0

I am having an huge XML file containing the Resumes. This file is in two format viz- A single master file containing all the Resumes for ex-

<Resumes>
  <Resume>
    <Name>ABC</Name>
    ......
    ......
  </Resume>
  <Resume>
    <Name>PQR</Name>
    ......
    ......
  </Resume>
  ......
  ......
</Resumes>

and multiple files for ex-

file 1-

<Resumes>
  <Resume>
    <Name>ABC</Name>
    ......
    ......
  </Resume>
</Resumes>

file-2

<Resumes>
  <Resume>
    <Name>PQR</Name>
    ......
    ......
  </Resume>
</Resumes>

and so on.

I want to use baseX or eXist XML DB for storing the XML. So in future, if I want to add more Resumes (in XML) format then which one will be better?

John
  • 2,820
  • 3
  • 30
  • 50
  • 1
    I've heard that there are some XML Databases that cope well with data in a single huge document, but I think that for most products, many small documents works much better. – Michael Kay Apr 27 '12 at 20:50
  • @MichaelKay- Yes.

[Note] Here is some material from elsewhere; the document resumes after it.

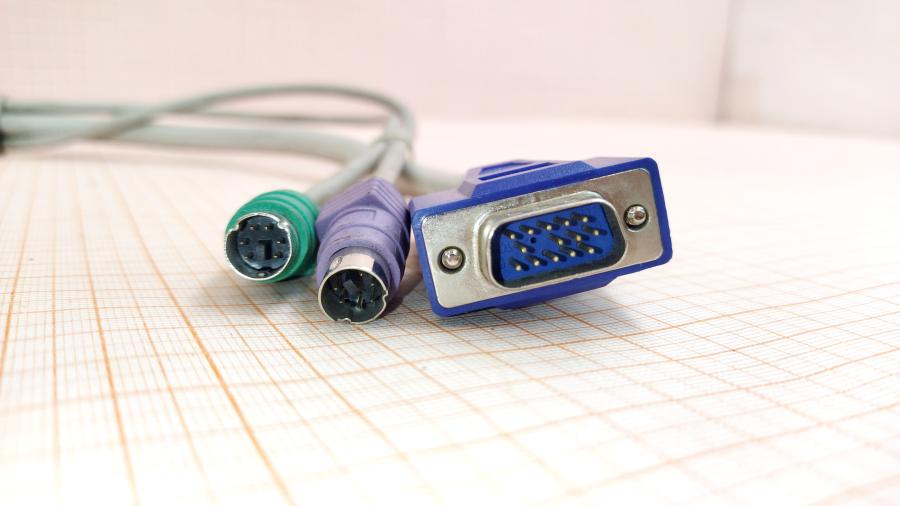 098-067-001 Кабель KVM  DB15(F)+2xPS/2 - DB15(M)+2xPS/2 3m #3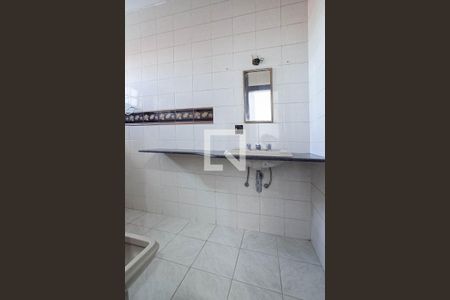 Casa à venda com 371m², 5 quartos e 8 vagasBanheiro social 1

Right said. Still waiting for more expert views. :) – John Apr 28 '12 at 07:42

1 Answers1

2

For eXist-db, let me quote from a post on exist-open by Wolfgang Meier in response to a similar question:

I don't think there's a theoretical limit, but there are certainly some practical considerations. Storing a very large document can block the db more than storing many small ones. It requires a single transaction (and sufficient disk space for the transaction log).

The dblp bibliography, which I use for some automated performance tests, comes as a single document with more than 600mb. This loads well if you slightly increase the cache size and memory settings. I know other users have to deal with much larger documents (many gigabytes), but if you have a choice, I would definitely recommend to split your data in smaller chunks, which are easier to handle.

Granted, eXist-db has become even more efficient and robust since November 2009 when Wolfgang wrote this post, but I think his advice still applies. Two final notes:

  1. Make sure you use the latest version of eXist, e.g. either 1.4.2 or the 2.0 Tech Preview. These benefit from the advances I spoke about.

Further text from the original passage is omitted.